Unification of Gravity and Standard Model: Weyl-Dirac-Born-Infeld action

TL;DR

This paper develops a unified quantum gauge theory combining gravity and the Standard Model within Weyl geometry, introducing a novel Weyl-Dirac-Born-Infeld action that is mathematically well-defined in non-integer dimensions and predicts gravity as a UV regulator.

Contribution

It constructs a new Weyl-Dirac-Born-Infeld action unifying gravity and the Standard Model, invariant in non-integer dimensions, and predicts gravity as a natural UV regulator.

Findings

WDBI action is mathematically well-defined in $d=4-2\epsilon$ dimensions.

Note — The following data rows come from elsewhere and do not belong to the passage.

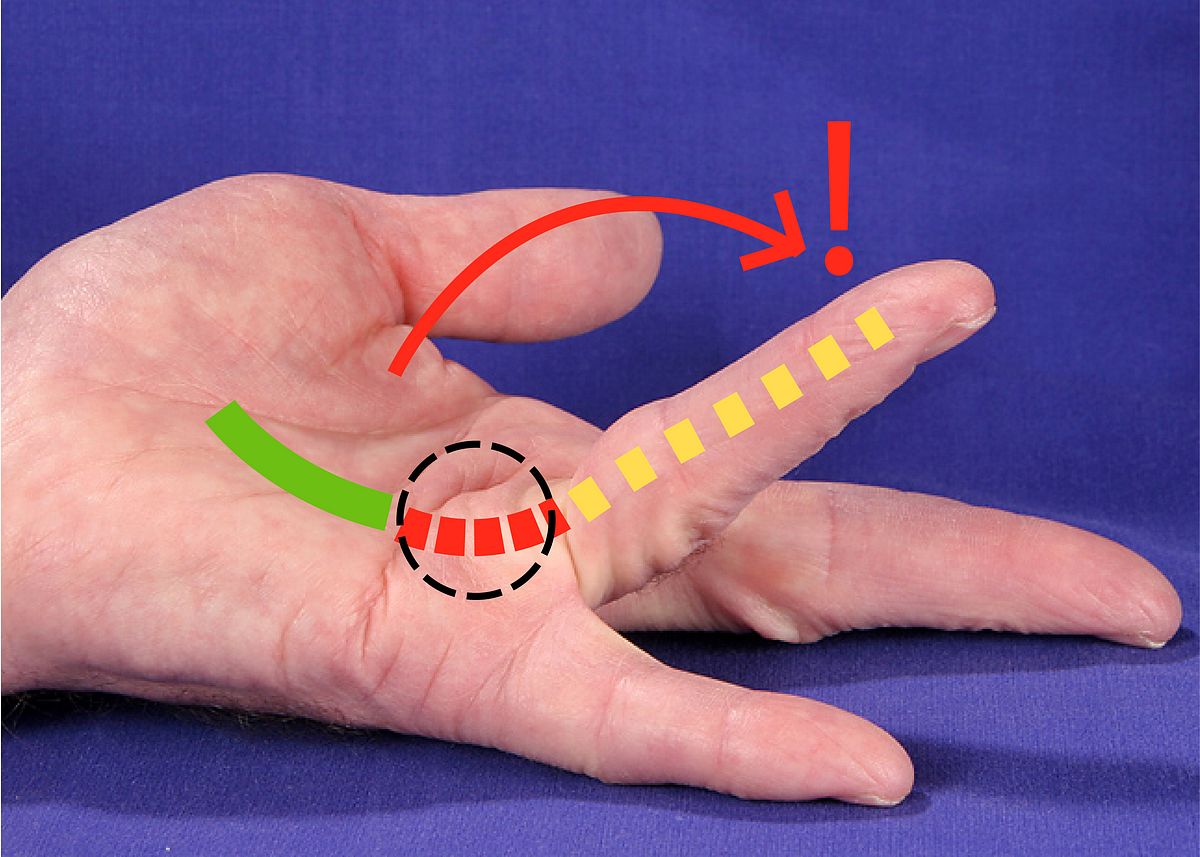 zum Vergrößern klicken Fingerkontraktur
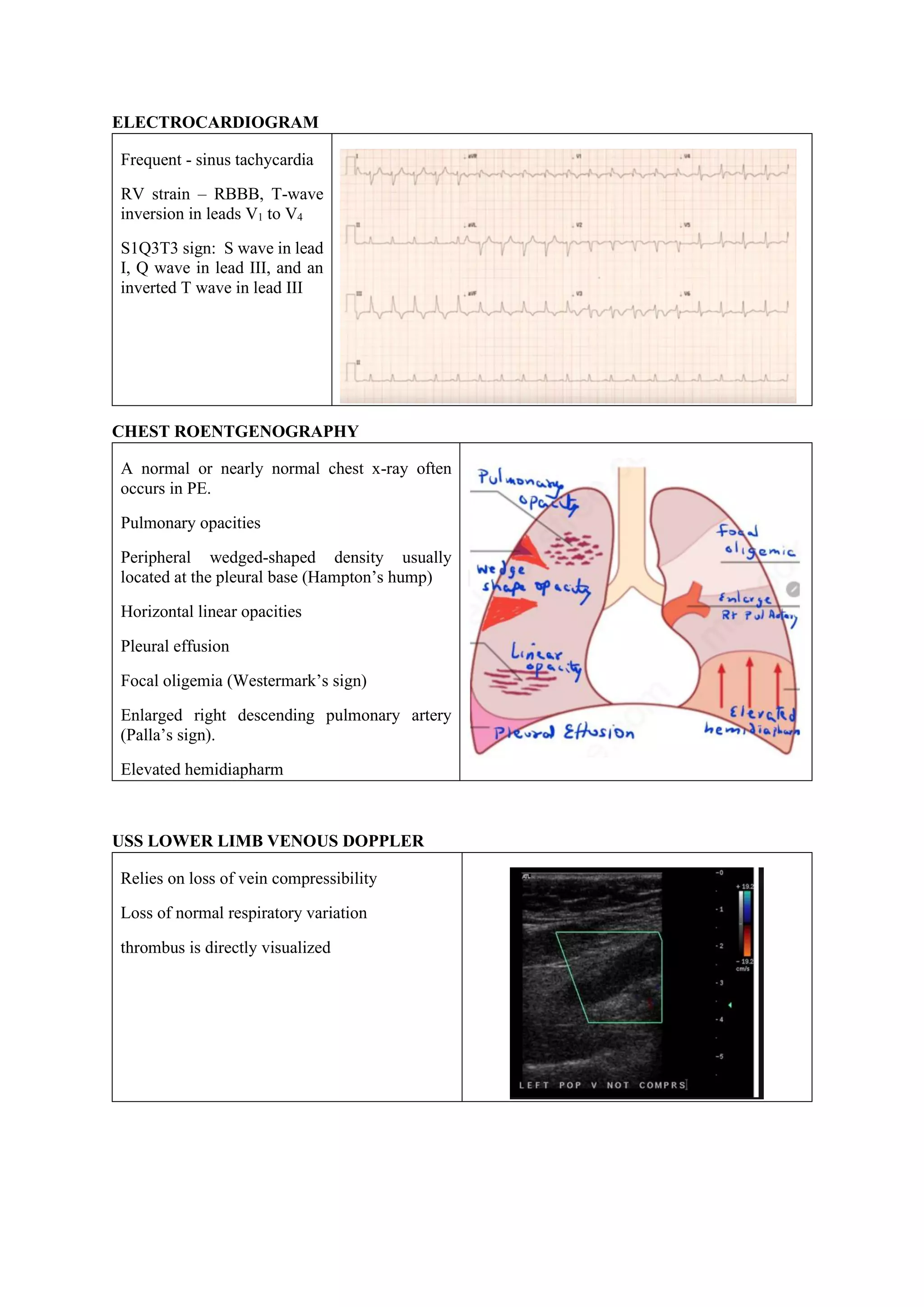ELECTROCARDIOGRAM
Frequent - sinus tachycardia
RV strain – RBBB, T-wave
inversion in leads V1 to V4
S1Q3T3 sign: S wave in lead
I, Q wave in lead III, and an
inverted T wave in lead III
CHEST ROENTGENOGRAPHY
A normal or nearly normal chest x-ray often
occurs in PE.
Pulmonary opacities
Peripheral wedged-shaped density usually
located at the pleural base (Hampton’s hump)
Horizontal linear opacities
Pleural effusion
Focal oligemia (Westermark’s sign)
Enlarged right descending pulmonary artery
(Palla’s sign).
Elevated hemidiapharm
USS LOWER LIMB VENOUS DOPPLER
Relies on loss of vein compressibility
Loss of normal respiratory variation
thrombus is directly visualized
 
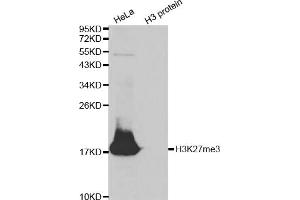 Western blot analysis of extracts of various cell lines, using Trimethyl-Histone H3-K27 antibody (ABIN5969810) at 1/500 dilution. (Histone 3 antibody  (H3K27me3))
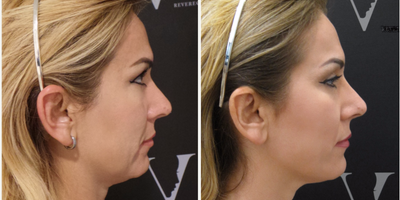 Kybella before and after photo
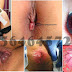 Obat wasir Selain faktu suppositoria di Apotek thumbnail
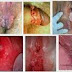 Obat Antibiotik Basmi Turuk Yang Kena Kutil thumbnail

The theory recovers SM and Einstein gravity in specific symmetry-breaking phases.

Gravity acts as a UV regulator for SM and gravity itself.

Abstract

We construct a unified (quantum) description, by the gauge principle, of gravity and Standard Model (SM), that generalises the Dirac-Born-Infeld action to the SM and Weyl geometry, hereafter called Weyl-Dirac-Born-Infeld action (WDBI). The theory is formulated in $d =4-2\epsilon$ dimensions. The WDBI action is a general gauge theory of SM and Weyl group (of dilatations and Poincar\'e symmetry), in the Weyl gauge covariant (metric!) formulation of Weyl geometry. The theory is SM and Weyl gauge invariant in $d=4-2\epsilon$ dimensions and there is no Weyl anomaly. The WDBI action has the unique elegant feature, not present in other gauge theories or even in string theory, that it is mathematically well-defined in $d=4-2\epsilon$ dimensions with no need to introduce in the action a UV regulator scale or field. This action actually {\it predicts} that gravity, through (Weyl covariant) space-time curvature $\hat R$, acts as UV regulator of both SM and gravity in $d=4$. A series expansion of the WDBI action (in dimensionless couplings) recovers in the leading order a Weyl gauge invariant version of SM and the Weyl (gauge theory of) quadratic gravity. The SM and Einstein-Hilbert gravity are recovered in the Stueckelberg broken phase of Weyl gauge symmetry, which restores Riemannian geometry below Planck scale. Sub-leading orders are suppressed by powers of (dimensionless) gravitational coupling ($\xi$) of Weyl quadratic gravity.